- _DIRECTIONS FOR THIS TASK_: For the data below, restate word for word only the lines from the line containing "Group of people" through the line containing "Image of Yellow", both ends included.

Saved entries:
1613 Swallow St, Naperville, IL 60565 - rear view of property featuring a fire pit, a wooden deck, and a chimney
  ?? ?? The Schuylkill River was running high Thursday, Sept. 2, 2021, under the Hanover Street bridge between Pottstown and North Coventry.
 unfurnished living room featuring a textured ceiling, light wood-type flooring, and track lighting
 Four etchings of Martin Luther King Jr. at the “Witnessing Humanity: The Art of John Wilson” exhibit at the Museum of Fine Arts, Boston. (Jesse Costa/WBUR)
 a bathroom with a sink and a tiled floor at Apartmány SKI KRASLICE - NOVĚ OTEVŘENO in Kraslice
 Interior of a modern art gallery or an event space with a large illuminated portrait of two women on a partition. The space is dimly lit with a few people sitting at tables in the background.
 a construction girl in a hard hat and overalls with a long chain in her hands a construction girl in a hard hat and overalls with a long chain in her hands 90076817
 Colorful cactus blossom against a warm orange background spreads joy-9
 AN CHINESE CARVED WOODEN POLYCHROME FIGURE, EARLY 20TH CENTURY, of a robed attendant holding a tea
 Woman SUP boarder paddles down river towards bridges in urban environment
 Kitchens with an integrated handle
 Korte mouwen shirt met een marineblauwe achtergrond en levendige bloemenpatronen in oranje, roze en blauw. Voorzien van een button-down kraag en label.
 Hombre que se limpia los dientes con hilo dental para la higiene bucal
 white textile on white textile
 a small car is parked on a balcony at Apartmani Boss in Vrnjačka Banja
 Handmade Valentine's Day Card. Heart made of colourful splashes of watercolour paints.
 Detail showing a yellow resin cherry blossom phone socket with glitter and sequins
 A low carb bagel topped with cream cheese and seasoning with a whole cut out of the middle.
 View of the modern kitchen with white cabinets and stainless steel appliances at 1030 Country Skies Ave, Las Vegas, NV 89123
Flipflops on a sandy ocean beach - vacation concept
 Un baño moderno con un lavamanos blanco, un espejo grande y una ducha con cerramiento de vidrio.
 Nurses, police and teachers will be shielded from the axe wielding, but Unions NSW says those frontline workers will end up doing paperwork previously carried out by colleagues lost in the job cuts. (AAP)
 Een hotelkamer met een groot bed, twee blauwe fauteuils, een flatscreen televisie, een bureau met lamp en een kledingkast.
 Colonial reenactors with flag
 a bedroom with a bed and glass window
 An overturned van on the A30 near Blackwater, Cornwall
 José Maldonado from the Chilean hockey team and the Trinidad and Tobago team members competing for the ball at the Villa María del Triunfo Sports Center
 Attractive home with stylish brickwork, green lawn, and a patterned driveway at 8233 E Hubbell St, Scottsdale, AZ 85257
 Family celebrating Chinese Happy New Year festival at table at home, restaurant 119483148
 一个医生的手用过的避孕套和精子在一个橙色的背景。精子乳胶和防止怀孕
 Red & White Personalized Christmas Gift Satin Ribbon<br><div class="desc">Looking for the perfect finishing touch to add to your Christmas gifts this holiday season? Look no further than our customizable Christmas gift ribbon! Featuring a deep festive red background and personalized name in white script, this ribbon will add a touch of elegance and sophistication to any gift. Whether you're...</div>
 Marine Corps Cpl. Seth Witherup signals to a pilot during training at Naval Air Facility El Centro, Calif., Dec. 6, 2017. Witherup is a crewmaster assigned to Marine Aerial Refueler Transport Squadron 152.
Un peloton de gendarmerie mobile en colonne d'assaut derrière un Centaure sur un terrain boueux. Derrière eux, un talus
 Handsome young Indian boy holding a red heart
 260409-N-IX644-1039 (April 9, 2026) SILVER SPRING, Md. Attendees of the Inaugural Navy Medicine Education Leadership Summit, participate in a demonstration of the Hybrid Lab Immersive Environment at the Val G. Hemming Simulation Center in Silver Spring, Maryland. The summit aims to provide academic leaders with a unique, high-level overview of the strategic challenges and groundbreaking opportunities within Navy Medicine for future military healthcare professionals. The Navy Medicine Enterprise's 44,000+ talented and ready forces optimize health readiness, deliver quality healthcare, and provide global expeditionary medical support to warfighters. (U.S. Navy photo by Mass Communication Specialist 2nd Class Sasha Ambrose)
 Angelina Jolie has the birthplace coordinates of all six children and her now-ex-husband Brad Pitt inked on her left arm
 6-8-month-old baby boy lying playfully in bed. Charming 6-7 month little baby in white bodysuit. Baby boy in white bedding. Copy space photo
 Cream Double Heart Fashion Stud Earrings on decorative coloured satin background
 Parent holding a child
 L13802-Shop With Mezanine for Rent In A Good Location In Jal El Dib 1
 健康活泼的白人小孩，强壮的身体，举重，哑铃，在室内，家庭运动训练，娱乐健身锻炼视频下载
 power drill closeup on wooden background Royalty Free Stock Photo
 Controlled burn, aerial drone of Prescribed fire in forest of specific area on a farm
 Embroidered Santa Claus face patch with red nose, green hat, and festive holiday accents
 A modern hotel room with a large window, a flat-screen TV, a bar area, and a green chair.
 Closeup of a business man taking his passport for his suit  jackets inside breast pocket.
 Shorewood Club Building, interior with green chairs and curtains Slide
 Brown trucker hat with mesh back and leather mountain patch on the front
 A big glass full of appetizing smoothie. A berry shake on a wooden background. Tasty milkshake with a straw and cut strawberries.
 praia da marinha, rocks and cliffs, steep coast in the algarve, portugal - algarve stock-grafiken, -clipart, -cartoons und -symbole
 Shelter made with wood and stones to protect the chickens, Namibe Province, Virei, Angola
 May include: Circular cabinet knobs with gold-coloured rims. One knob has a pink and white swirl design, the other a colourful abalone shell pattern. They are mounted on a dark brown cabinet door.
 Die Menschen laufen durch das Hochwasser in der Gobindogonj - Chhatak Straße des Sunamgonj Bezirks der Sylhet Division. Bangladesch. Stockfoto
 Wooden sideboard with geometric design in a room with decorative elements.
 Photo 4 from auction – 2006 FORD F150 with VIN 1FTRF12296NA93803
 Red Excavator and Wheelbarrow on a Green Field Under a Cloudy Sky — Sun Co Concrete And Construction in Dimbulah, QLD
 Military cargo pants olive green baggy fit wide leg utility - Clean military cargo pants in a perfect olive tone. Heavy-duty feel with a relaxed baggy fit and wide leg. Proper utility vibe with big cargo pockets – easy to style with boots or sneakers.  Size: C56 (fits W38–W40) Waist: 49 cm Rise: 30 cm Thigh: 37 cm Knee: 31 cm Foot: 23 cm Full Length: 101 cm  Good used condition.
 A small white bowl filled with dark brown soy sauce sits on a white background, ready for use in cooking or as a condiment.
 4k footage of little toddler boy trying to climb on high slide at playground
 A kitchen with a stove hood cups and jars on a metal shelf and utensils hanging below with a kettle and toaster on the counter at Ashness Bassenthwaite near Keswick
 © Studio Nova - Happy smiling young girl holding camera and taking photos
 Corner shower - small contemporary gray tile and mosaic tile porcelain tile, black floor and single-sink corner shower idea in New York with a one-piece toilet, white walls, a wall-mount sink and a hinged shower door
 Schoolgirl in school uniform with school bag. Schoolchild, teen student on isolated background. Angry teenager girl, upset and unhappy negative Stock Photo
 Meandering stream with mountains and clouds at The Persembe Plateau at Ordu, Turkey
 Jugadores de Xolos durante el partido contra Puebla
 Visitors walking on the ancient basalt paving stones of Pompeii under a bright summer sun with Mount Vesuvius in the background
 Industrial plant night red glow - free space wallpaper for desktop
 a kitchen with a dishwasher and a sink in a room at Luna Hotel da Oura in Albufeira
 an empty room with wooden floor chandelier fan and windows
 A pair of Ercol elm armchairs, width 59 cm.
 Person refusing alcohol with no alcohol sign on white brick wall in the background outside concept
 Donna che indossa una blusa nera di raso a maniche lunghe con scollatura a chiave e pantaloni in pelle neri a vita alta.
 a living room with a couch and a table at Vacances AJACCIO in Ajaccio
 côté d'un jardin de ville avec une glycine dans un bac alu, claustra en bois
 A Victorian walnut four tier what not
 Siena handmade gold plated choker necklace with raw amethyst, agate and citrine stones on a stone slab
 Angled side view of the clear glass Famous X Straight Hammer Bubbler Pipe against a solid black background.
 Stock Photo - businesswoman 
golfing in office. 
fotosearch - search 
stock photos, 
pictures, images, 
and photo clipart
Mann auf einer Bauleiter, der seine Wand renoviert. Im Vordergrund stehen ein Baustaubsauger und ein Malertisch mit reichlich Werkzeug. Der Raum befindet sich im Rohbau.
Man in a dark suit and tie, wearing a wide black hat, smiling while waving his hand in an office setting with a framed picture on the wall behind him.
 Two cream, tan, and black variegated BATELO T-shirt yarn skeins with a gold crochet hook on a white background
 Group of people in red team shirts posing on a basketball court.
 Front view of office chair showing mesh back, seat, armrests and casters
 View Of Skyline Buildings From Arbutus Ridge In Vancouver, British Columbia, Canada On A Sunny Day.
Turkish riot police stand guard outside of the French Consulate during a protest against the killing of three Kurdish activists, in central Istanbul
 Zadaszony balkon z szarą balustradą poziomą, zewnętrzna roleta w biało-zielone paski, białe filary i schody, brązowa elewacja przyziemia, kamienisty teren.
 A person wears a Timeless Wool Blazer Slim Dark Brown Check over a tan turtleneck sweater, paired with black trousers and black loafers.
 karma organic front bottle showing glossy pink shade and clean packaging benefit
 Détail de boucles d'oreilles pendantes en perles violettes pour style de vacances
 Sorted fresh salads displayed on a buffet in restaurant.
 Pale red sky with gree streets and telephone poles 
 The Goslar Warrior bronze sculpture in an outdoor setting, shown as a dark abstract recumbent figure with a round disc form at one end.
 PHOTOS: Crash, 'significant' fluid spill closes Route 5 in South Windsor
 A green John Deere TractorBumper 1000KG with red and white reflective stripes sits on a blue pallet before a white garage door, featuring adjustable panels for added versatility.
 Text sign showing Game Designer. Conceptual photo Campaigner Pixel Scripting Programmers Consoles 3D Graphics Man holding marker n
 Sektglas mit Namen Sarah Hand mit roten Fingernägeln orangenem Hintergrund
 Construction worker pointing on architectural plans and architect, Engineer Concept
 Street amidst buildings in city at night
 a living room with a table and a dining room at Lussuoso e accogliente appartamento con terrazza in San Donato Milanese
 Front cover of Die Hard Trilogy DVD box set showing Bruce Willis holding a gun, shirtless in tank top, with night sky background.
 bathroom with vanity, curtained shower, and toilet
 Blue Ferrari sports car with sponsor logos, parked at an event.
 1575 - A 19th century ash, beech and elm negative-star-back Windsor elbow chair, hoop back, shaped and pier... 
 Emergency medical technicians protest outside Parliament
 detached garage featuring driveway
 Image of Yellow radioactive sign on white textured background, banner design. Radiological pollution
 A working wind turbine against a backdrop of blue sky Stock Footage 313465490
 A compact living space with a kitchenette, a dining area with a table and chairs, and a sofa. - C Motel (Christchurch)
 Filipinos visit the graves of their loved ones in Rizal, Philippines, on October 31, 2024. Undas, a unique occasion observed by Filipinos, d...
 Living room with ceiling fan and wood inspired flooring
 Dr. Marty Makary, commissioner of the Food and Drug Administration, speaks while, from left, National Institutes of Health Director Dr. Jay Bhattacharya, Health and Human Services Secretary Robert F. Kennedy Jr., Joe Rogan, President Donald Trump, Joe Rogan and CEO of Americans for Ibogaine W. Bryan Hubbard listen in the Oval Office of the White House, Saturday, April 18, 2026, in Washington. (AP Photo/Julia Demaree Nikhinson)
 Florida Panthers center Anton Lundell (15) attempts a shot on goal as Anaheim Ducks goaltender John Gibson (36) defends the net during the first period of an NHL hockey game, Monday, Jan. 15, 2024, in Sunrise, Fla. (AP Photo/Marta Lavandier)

- _ANSWER BOX_:
 Group of people in red team shirts posing on a basketball court.
 Front view of office chair showing mesh back, seat, armrests and casters
 View Of Skyline Buildings From Arbutus Ridge In Vancouver, British Columbia, Canada On A Sunny Day.
Turkish riot police stand guard outside of the French Consulate during a protest against the killing of three Kurdish activists, in central Istanbul
 Zadaszony balkon z szarą balustradą poziomą, zewnętrzna roleta w biało-zielone paski, białe filary i schody, brązowa elewacja przyziemia, kamienisty teren.
 A person wears a Timeless Wool Blazer Slim Dark Brown Check over a tan turtleneck sweater, paired with black trousers and black loafers.
 karma organic front bottle showing glossy pink shade and clean packaging benefit
 Détail de boucles d'oreilles pendantes en perles violettes pour style de vacances
 Sorted fresh salads displayed on a buffet in restaurant.
 Pale red sky with gree streets and telephone poles 
 The Goslar Warrior bronze sculpture in an outdoor setting, shown as a dark abstract recumbent figure with a round disc form at one end.
 PHOTOS: Crash, 'significant' fluid spill closes Route 5 in South Windsor
 A green John Deere TractorBumper 1000KG with red and white reflective stripes sits on a blue pallet before a white garage door, featuring adjustable panels for added versatility.
 Text sign showing Game Designer. Conceptual photo Campaigner Pixel Scripting Programmers Consoles 3D Graphics Man holding marker n
 Sektglas mit Namen Sarah Hand mit roten Fingernägeln orangenem Hintergrund
 Construction worker pointing on architectural plans and architect, Engineer Concept
 Street amidst buildings in city at night
 a living room with a table and a dining room at Lussuoso e accogliente appartamento con terrazza in San Donato Milanese
 Front cover of Die Hard Trilogy DVD box set showing Bruce Willis holding a gun, shirtless in tank top, with night sky background.
 bathroom with vanity, curtained shower, and toilet
 Blue Ferrari sports car with sponsor logos, parked at an event.
 1575 - A 19th century ash, beech and elm negative-star-back Windsor elbow chair, hoop back, shaped and pier... 
 Emergency medical technicians protest outside Parliament
 detached garage featuring driveway
 Image of Yellow radioactive sign on white textured background, banner design. Radiological pollution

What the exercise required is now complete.